PROBLEM: Return every entry below without altering a word.

*** SOURCE DATA ***

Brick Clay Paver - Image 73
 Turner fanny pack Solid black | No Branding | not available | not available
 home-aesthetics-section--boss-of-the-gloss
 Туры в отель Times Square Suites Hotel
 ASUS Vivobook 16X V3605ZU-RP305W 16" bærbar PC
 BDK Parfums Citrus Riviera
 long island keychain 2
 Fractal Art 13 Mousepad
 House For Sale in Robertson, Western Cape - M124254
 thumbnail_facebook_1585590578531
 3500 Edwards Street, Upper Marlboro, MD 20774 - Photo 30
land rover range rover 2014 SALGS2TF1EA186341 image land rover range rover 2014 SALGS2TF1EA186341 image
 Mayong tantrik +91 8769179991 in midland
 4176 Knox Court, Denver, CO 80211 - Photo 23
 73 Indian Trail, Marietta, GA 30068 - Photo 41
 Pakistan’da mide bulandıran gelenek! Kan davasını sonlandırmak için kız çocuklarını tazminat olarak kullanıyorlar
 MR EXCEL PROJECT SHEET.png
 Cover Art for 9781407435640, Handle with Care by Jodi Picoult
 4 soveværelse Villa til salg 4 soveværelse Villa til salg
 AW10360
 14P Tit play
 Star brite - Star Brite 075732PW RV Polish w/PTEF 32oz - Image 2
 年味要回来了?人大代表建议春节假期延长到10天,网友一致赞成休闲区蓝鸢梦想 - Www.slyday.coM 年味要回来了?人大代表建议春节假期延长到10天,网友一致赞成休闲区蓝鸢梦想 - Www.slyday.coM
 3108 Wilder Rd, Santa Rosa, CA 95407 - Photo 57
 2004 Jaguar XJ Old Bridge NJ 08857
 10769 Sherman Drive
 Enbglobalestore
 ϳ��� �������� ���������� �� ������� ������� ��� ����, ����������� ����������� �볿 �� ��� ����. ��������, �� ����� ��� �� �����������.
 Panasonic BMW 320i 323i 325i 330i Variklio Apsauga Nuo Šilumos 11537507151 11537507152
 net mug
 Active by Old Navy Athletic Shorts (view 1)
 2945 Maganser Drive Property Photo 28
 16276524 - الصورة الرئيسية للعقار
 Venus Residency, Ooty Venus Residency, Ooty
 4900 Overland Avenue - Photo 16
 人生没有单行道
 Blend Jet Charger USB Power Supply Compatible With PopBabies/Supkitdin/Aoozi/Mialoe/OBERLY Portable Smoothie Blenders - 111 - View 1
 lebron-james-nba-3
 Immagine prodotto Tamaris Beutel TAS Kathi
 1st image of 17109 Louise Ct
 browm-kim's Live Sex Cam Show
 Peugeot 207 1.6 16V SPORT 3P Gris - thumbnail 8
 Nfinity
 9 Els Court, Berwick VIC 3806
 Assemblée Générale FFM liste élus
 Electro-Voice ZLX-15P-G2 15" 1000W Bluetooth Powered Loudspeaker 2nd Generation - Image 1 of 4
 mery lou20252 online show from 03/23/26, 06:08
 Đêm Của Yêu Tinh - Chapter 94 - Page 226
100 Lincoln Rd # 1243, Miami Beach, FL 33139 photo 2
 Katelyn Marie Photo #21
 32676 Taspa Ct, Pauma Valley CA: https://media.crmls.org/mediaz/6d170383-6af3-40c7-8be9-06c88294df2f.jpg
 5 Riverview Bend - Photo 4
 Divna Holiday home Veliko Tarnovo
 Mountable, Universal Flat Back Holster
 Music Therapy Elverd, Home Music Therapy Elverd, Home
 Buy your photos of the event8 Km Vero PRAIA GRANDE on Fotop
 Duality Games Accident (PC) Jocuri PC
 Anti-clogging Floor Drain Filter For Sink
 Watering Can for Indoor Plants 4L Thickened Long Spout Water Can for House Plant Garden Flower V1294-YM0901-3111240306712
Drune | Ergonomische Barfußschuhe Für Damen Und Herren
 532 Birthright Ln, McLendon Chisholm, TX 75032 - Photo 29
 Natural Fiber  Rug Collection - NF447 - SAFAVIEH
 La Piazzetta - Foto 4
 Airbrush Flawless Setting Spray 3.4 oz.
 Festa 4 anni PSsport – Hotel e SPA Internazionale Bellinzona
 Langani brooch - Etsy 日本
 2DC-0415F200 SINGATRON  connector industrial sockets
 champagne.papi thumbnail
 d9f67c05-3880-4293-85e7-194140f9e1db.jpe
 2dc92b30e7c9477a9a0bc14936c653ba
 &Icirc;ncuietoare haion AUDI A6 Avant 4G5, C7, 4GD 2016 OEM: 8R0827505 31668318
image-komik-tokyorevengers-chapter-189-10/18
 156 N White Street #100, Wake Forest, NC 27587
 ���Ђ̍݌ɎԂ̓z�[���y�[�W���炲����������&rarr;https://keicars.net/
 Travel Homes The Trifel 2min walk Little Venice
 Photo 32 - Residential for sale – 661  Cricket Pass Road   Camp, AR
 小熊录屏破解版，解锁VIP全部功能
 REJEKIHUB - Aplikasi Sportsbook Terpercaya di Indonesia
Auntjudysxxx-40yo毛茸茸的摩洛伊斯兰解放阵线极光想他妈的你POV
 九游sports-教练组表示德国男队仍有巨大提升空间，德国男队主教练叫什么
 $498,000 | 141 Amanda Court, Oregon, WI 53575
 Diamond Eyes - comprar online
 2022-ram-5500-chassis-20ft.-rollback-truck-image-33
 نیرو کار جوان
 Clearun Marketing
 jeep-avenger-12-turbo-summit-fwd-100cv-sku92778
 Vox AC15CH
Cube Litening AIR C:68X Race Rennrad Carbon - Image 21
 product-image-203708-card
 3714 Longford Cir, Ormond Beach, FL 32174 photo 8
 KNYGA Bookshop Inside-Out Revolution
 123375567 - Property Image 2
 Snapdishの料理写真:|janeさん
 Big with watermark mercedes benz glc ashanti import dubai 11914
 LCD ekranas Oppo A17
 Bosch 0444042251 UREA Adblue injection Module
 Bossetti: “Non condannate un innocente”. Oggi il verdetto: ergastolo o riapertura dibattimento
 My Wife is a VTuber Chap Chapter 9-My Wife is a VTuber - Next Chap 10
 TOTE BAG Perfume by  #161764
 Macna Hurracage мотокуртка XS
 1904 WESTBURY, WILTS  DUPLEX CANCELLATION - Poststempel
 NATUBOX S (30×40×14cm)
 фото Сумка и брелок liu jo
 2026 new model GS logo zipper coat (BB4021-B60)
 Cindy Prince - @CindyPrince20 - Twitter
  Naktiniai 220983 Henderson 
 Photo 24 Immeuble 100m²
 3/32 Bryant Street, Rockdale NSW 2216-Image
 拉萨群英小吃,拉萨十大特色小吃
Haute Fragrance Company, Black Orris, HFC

*** End of SOURCE DATA ***

RESULT BELOW:
Brick Clay Paver - Image 73
 Turner fanny pack Solid black | No Branding | not available | not available
 home-aesthetics-section--boss-of-the-gloss
 Туры в отель Times Square Suites Hotel
 ASUS Vivobook 16X V3605ZU-RP305W 16" bærbar PC
 BDK Parfums Citrus Riviera
 long island keychain 2
 Fractal Art 13 Mousepad
 House For Sale in Robertson, Western Cape - M124254
 thumbnail_facebook_1585590578531
 3500 Edwards Street, Upper Marlboro, MD 20774 - Photo 30
land rover range rover 2014 SALGS2TF1EA186341 image land rover range rover 2014 SALGS2TF1EA186341 image
 Mayong tantrik +91 8769179991 in midland
 4176 Knox Court, Denver, CO 80211 - Photo 23
 73 Indian Trail, Marietta, GA 30068 - Photo 41
 Pakistan’da mide bulandıran gelenek! Kan davasını sonlandırmak için kız çocuklarını tazminat olarak kullanıyorlar
 MR EXCEL PROJECT SHEET.png
 Cover Art for 9781407435640, Handle with Care by Jodi Picoult
 4 soveværelse Villa til salg 4 soveværelse Villa til salg
 AW10360
 14P Tit play
 Star brite - Star Brite 075732PW RV Polish w/PTEF 32oz - Image 2
 年味要回来了?人大代表建议春节假期延长到10天,网友一致赞成休闲区蓝鸢梦想 - Www.slyday.coM 年味要回来了?人大代表建议春节假期延长到10天,网友一致赞成休闲区蓝鸢梦想 - Www.slyday.coM
 3108 Wilder Rd, Santa Rosa, CA 95407 - Photo 57
 2004 Jaguar XJ Old Bridge NJ 08857
 10769 Sherman Drive
 Enbglobalestore
 ϳ��� �������� ���������� �� ������� ������� ��� ����, ����������� ����������� �볿 �� ��� ����. ��������, �� ����� ��� �� �����������.
 Panasonic BMW 320i 323i 325i 330i Variklio Apsauga Nuo Šilumos 11537507151 11537507152
 net mug
 Active by Old Navy Athletic Shorts (view 1)
 2945 Maganser Drive Property Photo 28
 16276524 - الصورة الرئيسية للعقار
 Venus Residency, Ooty Venus Residency, Ooty
 4900 Overland Avenue - Photo 16
 人生没有单行道
 Blend Jet Charger USB Power Supply Compatible With PopBabies/Supkitdin/Aoozi/Mialoe/OBERLY Portable Smoothie Blenders - 111 - View 1
 lebron-james-nba-3
 Immagine prodotto Tamaris Beutel TAS Kathi
 1st image of 17109 Louise Ct
 browm-kim's Live Sex Cam Show
 Peugeot 207 1.6 16V SPORT 3P Gris - thumbnail 8
 Nfinity
 9 Els Court, Berwick VIC 3806
 Assemblée Générale FFM liste élus
 Electro-Voice ZLX-15P-G2 15" 1000W Bluetooth Powered Loudspeaker 2nd Generation - Image 1 of 4
 mery lou20252 online show from 03/23/26, 06:08
 Đêm Của Yêu Tinh - Chapter 94 - Page 226
100 Lincoln Rd # 1243, Miami Beach, FL 33139 photo 2
 Katelyn Marie Photo #21
 32676 Taspa Ct, Pauma Valley CA: https://media.crmls.org/mediaz/6d170383-6af3-40c7-8be9-06c88294df2f.jpg
 5 Riverview Bend - Photo 4
 Divna Holiday home Veliko Tarnovo
 Mountable, Universal Flat Back Holster
 Music Therapy Elverd, Home Music Therapy Elverd, Home
 Buy your photos of the event8 Km Vero PRAIA GRANDE on Fotop
 Duality Games Accident (PC) Jocuri PC
 Anti-clogging Floor Drain Filter For Sink
 Watering Can for Indoor Plants 4L Thickened Long Spout Water Can for House Plant Garden Flower V1294-YM0901-3111240306712
Drune | Ergonomische Barfußschuhe Für Damen Und Herren
 532 Birthright Ln, McLendon Chisholm, TX 75032 - Photo 29
 Natural Fiber  Rug Collection - NF447 - SAFAVIEH
 La Piazzetta - Foto 4
 Airbrush Flawless Setting Spray 3.4 oz.
 Festa 4 anni PSsport – Hotel e SPA Internazionale Bellinzona
 Langani brooch - Etsy 日本
 2DC-0415F200 SINGATRON  connector industrial sockets
 champagne.papi thumbnail
 d9f67c05-3880-4293-85e7-194140f9e1db.jpe
 2dc92b30e7c9477a9a0bc14936c653ba
 &Icirc;ncuietoare haion AUDI A6 Avant 4G5, C7, 4GD 2016 OEM: 8R0827505 31668318
image-komik-tokyorevengers-chapter-189-10/18
 156 N White Street #100, Wake Forest, NC 27587
 ���Ђ̍݌ɎԂ̓z�[���y�[�W���炲����������&rarr;https://keicars.net/
 Travel Homes The Trifel 2min walk Little Venice
 Photo 32 - Residential for sale – 661  Cricket Pass Road   Camp, AR
 小熊录屏破解版，解锁VIP全部功能
 REJEKIHUB - Aplikasi Sportsbook Terpercaya di Indonesia
Auntjudysxxx-40yo毛茸茸的摩洛伊斯兰解放阵线极光想他妈的你POV
 九游sports-教练组表示德国男队仍有巨大提升空间，德国男队主教练叫什么
 $498,000 | 141 Amanda Court, Oregon, WI 53575
 Diamond Eyes - comprar online
 2022-ram-5500-chassis-20ft.-rollback-truck-image-33
 نیرو کار جوان
 Clearun Marketing
 jeep-avenger-12-turbo-summit-fwd-100cv-sku92778
 Vox AC15CH
Cube Litening AIR C:68X Race Rennrad Carbon - Image 21
 product-image-203708-card
 3714 Longford Cir, Ormond Beach, FL 32174 photo 8
 KNYGA Bookshop Inside-Out Revolution
 123375567 - Property Image 2
 Snapdishの料理写真:|janeさん
 Big with watermark mercedes benz glc ashanti import dubai 11914
 LCD ekranas Oppo A17
 Bosch 0444042251 UREA Adblue injection Module
 Bossetti: “Non condannate un innocente”. Oggi il verdetto: ergastolo o riapertura dibattimento
 My Wife is a VTuber Chap Chapter 9-My Wife is a VTuber - Next Chap 10
 TOTE BAG Perfume by  #161764
 Macna Hurracage мотокуртка XS
 1904 WESTBURY, WILTS  DUPLEX CANCELLATION - Poststempel
 NATUBOX S (30×40×14cm)
 фото Сумка и брелок liu jo
 2026 new model GS logo zipper coat (BB4021-B60)
 Cindy Prince - @CindyPrince20 - Twitter
  Naktiniai 220983 Henderson 
 Photo 24 Immeuble 100m²
 3/32 Bryant Street, Rockdale NSW 2216-Image
 拉萨群英小吃,拉萨十大特色小吃
Haute Fragrance Company, Black Orris, HFC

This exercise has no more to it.